With demand for solar stronger than ever, forward-thinking investor-owned utilities (IOUs) are getting in on the game. PG&E in California, for example, has interconnected over 100,000 solar rooftops. The utility is connecting an estimated 2,500 new solar power systems every month and currently counts more rooftop solar installations in its service area than any other utility in the United States.
“We deliver some of the cleanest energy in the nation to 15 million residents in our service area,” said Helen Burt, PG&E’s senior vice president and chief customer officer. More than 1,000 MW of rooftop solar power are presently produced in PG&E’s service area, which is enough to power approximately 225,000 customer homes for a year.
“We are deeply committed to supporting customers who choose to go solar and encourage customers to explore it as an option,” Burt added. “The good news is that rooftop solar has come of age, and with installation costs falling, the pace of adoption is quickening.”
Net-Metering: The Great Debate
The implementation of net-metering policies across most of the country has given solar customers an even greater advantage. Not only do these provisions grant solar customers the exact match of the retail electricity rate for any excess solar-produced electricity sent to the grid, but they also allow homeowners to work backwards to “shave” electricity from the most expensive tiers off their bills first.
Net-metering policies were actually a major factor in bringing solar electricity into the mainstream. The availability of grid-tied solar made solar significantly less expensive and easier for the average person to adopt. The solar industry, legislators, utilities and their governing bodies in many states eventually put net-metering policies into place, which have enabled reimbursement for the electricity sent to the grid from individual solar power systems installed on homes and businesses.
For a monthly electric bill of $200 in Northern California, for instance, a 4- to 5-kW grid-tied solar electric system (depending on the amount of roof space) would be recommended to produce the kWh needed to shave 80 percent of the electricity usage at a fixed cost. Solar savings is calculated by an “avoided cost” meaning the difference between a customer’s fixed, solar cost per kWh, versus the higher price they would have paid to use the same electricity purchased from the utility.
A 4.5-kW solar electric system purchased by a Northern California resident without a rebate in 2013 will have a net lifetime price per kWh of $0.088. So for every kWh that this customer shaves off the electricity bill with solar, that rate of electricity is replaced with an 8.8¢ cost, which represents a marked difference from the higher prices of electricity billed at the upper tier rates of 35¢ or 31¢ or even 15¢. Thus, over the days, months and years, the customer recoups the investment through the production offset and corresponding savings.

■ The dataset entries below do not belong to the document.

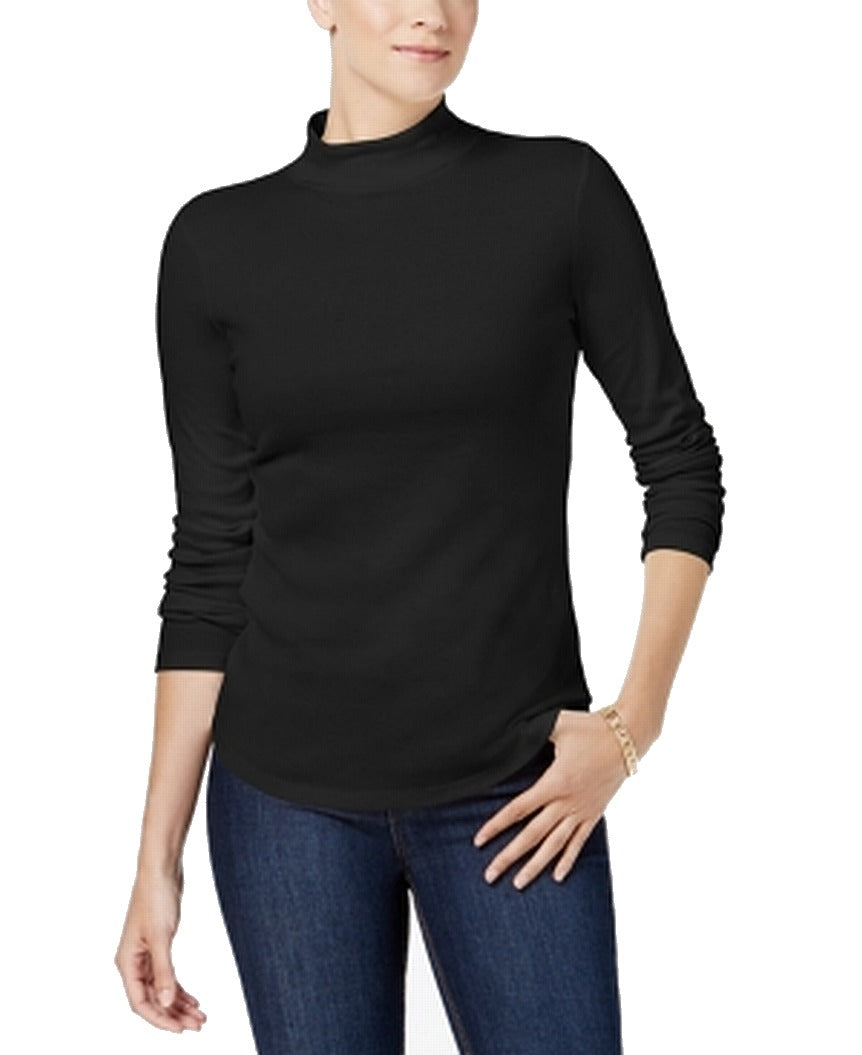 Blusa de malha feminina Charter Club com gola alta e manga 3/4, preta, tamanho XX-G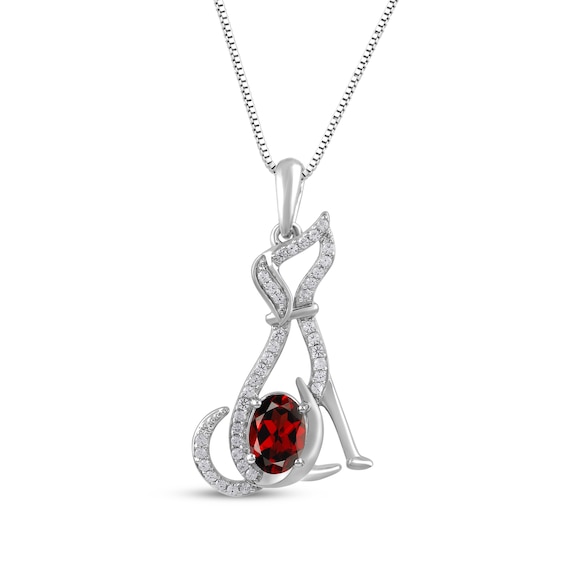Oval-Cut Garnet & White Lab-Created Sapphire Dog Necklace Sterling Silver 18"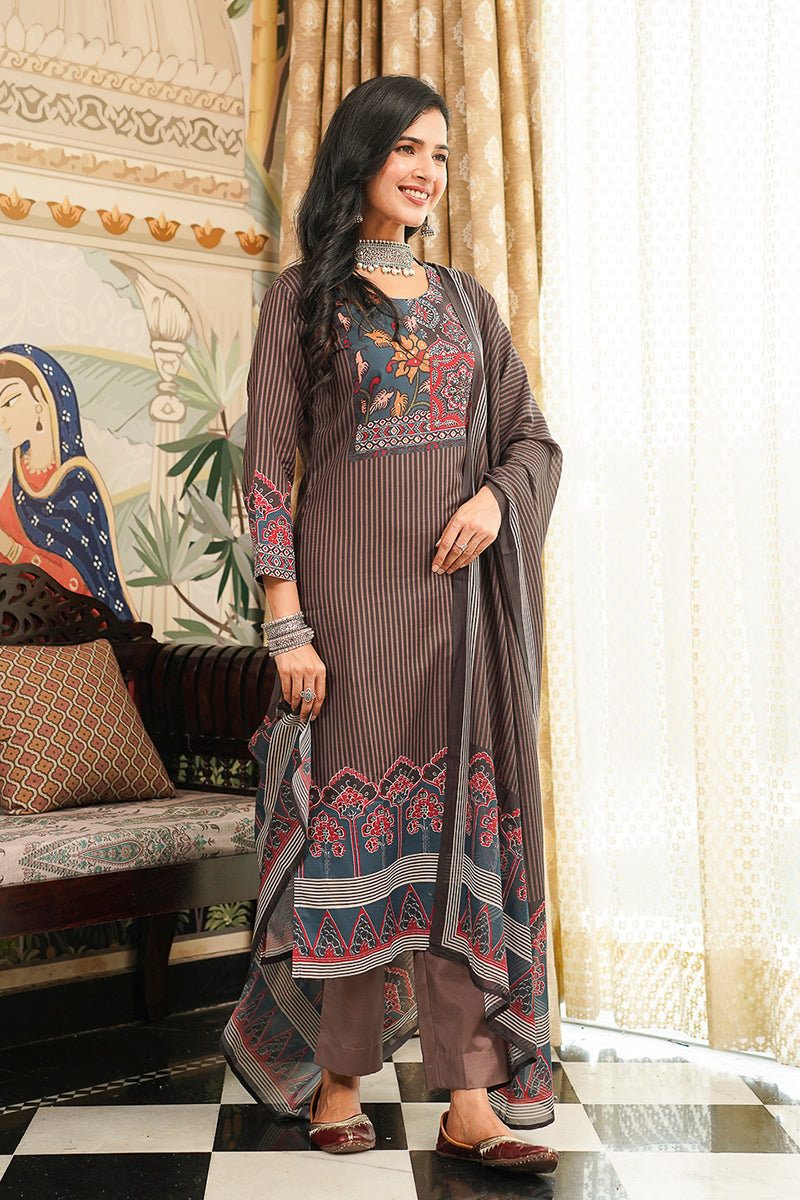 Brown Cotton Blend Ethnic Motifs Printed Straight Kurta Trousers With Dupatta PKSKD3072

And as fossil fuel electricity rates continue to rise each year, the total savings through fixed energy costs leads to growing savings. A total of 44 states, along with the District of Columbia, have adopted net-metering policies thus far. California — which leads the nation in installed solar capacity at more than 5,650 MW — has received an “A” grade six years in a row for its net-metering policies from the Vote Solar Initiative (Vote Solar) and the Interstate Renewable Energy Council, Inc. (IREC). The organizations publish their state ratings every year in Freeing the Grid, an annual publication whose purpose is to build an objective record of solar policy development.

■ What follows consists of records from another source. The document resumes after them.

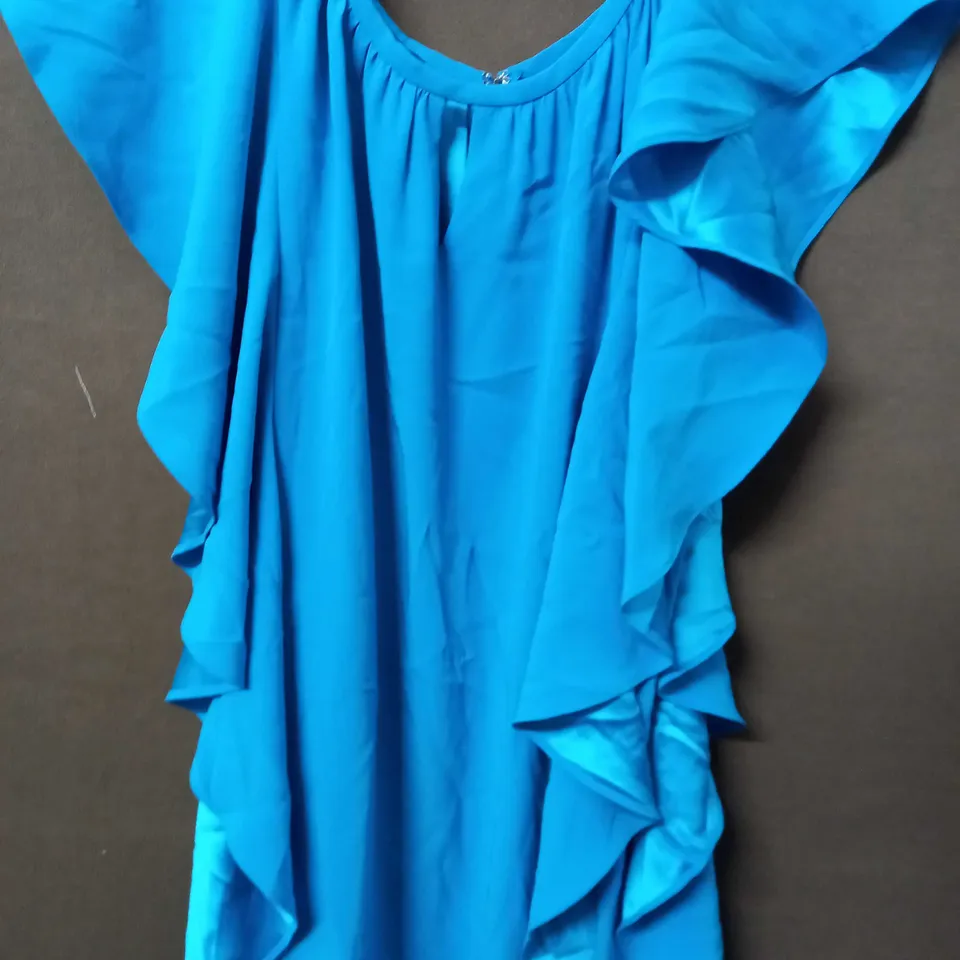 ESCADA ROUND NECK PART ZIP DRESS IN BLUE - SIZE 42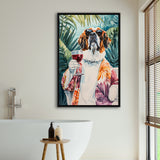 Saint Bernard Dog Holding The Cup Of Red Wine Framed Canvas Prints Wall Art, Bathroom Framed Art Decor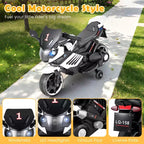 Costway 6V Kids Motorcycle with Music, Horn, Detachable Training Wheels & LED Headlights Pink/Red/Navy/White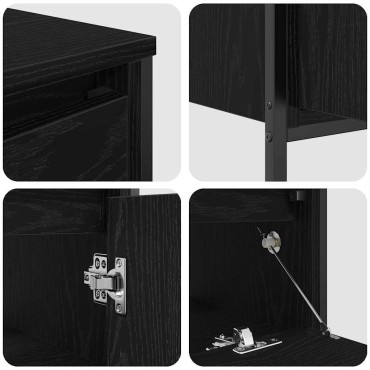 vidaXL Σετ Επίπλων Μπάνιου 3 τεμ. Μαύρη Οξυά 90x34,5x60 εκ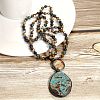 Bohemian Vintage Style Natural Shoushan Stone with Glass Pendant Necklaces FS-WG0BFE5-04-1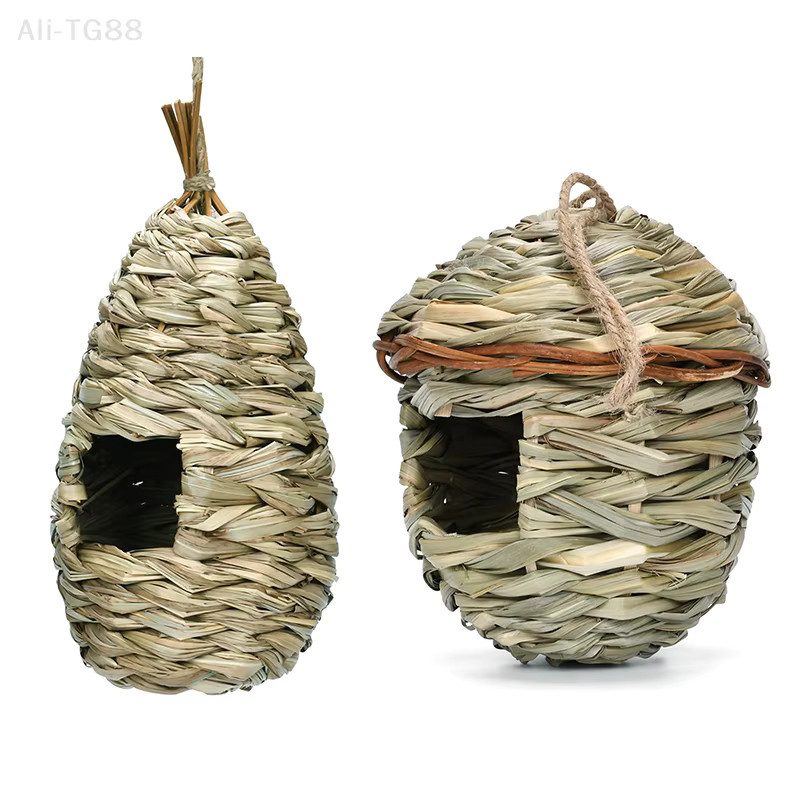 Handgewebter dekorativer Vogelhaus-Käfig aus Rattan als hängendes Papageiennest für den Außenbereich und die Gartendekoration - Bild 3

All eyes were on California last year when the state made significant changes to its net-metering policy with the passage of Assembly Bill 327. After undergoing a series of amendments, AB 327 was signed into law by Governor Jerry Brown in October 2013 and took effect in January of this year.
“This bill is about keeping electric rates affordable for all Californians while promoting renewable energy growth,” said AB 327’s author, Assembly member Henry T. Perea. AB 327 in part addresses the IOUs’ concerns about future modernization and maintenance of the utility grid, which is changing as tens of thousands of residential solar power systems are being installed. The grid needs to be adapted to accommodate this bi-directional energy network, and in an aging system that was built as a one-way street, there are challenges.

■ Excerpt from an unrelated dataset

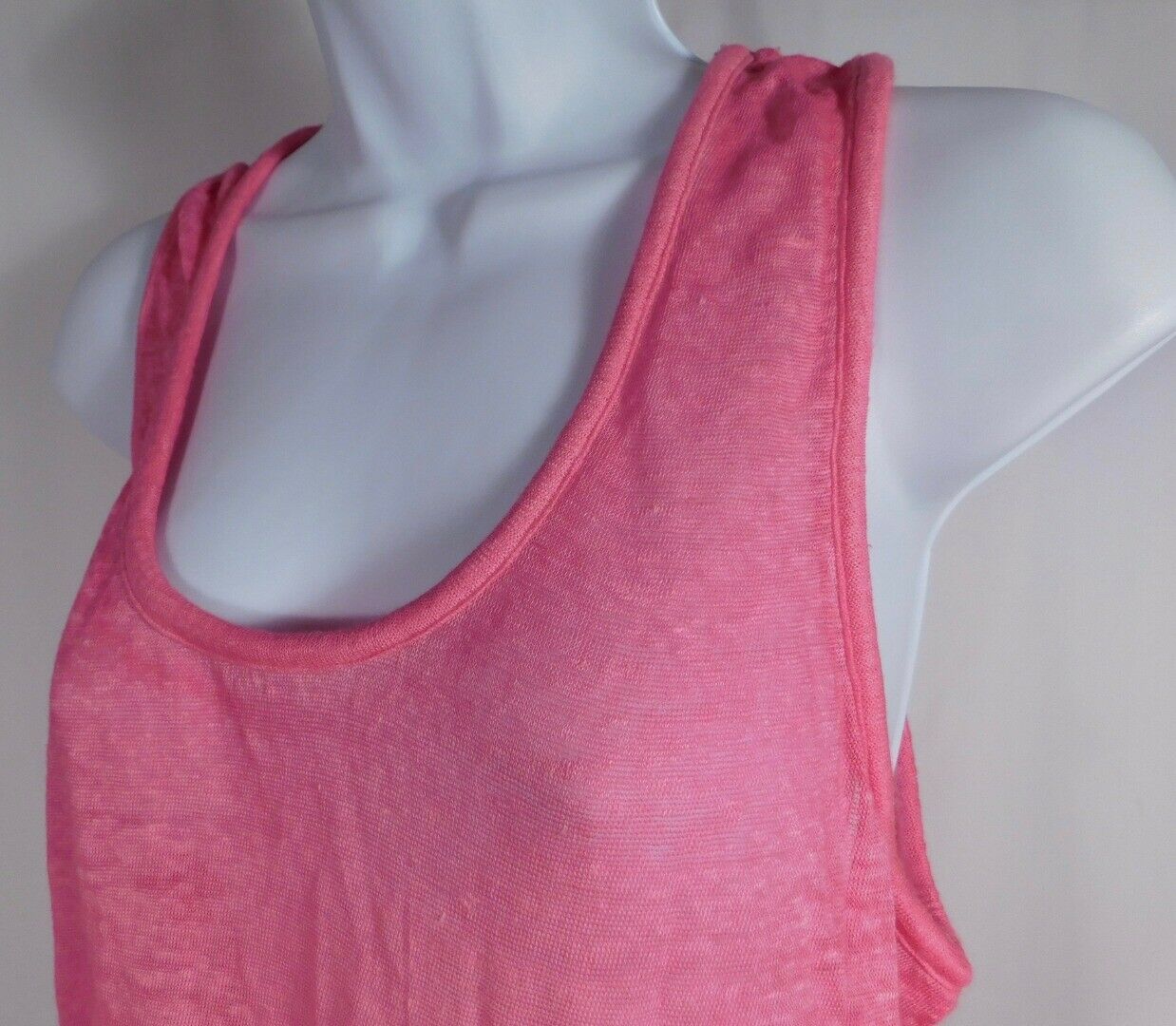 MAJE Women's Fuchsia Pink Linen Knit Sleeveless Scoop Neck Blouse Sz 2 - Image 4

However, change is inevitable, as the demand for solar is transforming the energy landscape in California. The IOUs’ worries have been somewhat assuaged by the passage of AB 327, which contains a provision enabling the California Public Utilities Commission (CPUC) to charge all residential ratepayers up to a $10 fixed monthly fee for grid infrastructure maintenance costs. The authorization of this fixed customer charge comes in response to the IOUs’ stance that California’s tiered residential rate structure, established in 2001, is no longer practical, given the state’s changed energy landscape of today.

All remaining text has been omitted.